CLAUDIA: Você conta no livro que perguntou ao Jorge Paulo Lemann se ele estava pronto para ver os netos estudando no mesmo colégio que os netos da funcionária dele. Qual era a intenção dessa provocação?
Aline Midlej: Tem um ponto bem importante, que eu já suspeitava, e que o livro reforçou. É esse Brasil onde muitas trabalhadoras do cuidado ainda são mantidas em condições análogas à escravidão… Ainda incomoda muita gente o acesso de pessoas a espaços onde elas não acessavam, como aviões ou bens de consumo.
Eu acho que existe um preconceito muito perverso no Brasil, que tem a ver com não querer incluir para não coexistir. A gente quer combater a pobreza para ter algum alívio moral ou por que a gente realmente quer que as pessoas tenham acessos a prazeres que nós temos? Quanto estamos dispostos a rever o nosso conforto para dar um pouco de conforto ao outro?

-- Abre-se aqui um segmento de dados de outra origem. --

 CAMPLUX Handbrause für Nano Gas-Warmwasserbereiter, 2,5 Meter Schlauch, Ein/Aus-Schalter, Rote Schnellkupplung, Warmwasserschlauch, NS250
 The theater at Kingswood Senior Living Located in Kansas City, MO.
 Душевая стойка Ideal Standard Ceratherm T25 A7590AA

CLAUDIA: Como está sendo sua vida de mãe?
Aline Midlej: Maravilhosa. Eu amo a maternidade, eu amo ser mãe da Celeste e agora estou num momento um pouco mais maduro, no sentido de entender a vida de mãe profissional, cidadã, gestora. Eu falo isso porque com a chegada dela, além de mãe, eu me tornei também gestora de uma rede de apoio que eu não tinha antes e com a qual eu tenho muito cuidado.
Isso toma uma energia emocional, de gerenciar as cuidadoras que me ajudam. Se eu consegui voltar a ter meu corpo de antes, se consigo cuidar da minha alimentação, ser profissional, é porque eu tenho pessoas que me ajudam nisso. E sem essas pessoas eu não teria conseguido, como a maioria das mulheres não consegue.
Não é sobre voltar a ter trabalho, é sobre voltar a ter uma carreira, com perspectiva, potencial de ser promovida e ganhar mais dinheiro. A independência emocional das mulheres está muito relacionada a nossa independência financeira, isso para mim é algo muito valioso, muito importante que eu quero passar para a Celeste.
A gente precisa ter as rédeas da nossa vida por nós mesmos. Então, a maternidade me tornou melhor, como mulher e profissional. Mais cansada também, porém mais esclarecida de tudo e querendo amar mais o mundo, sabe?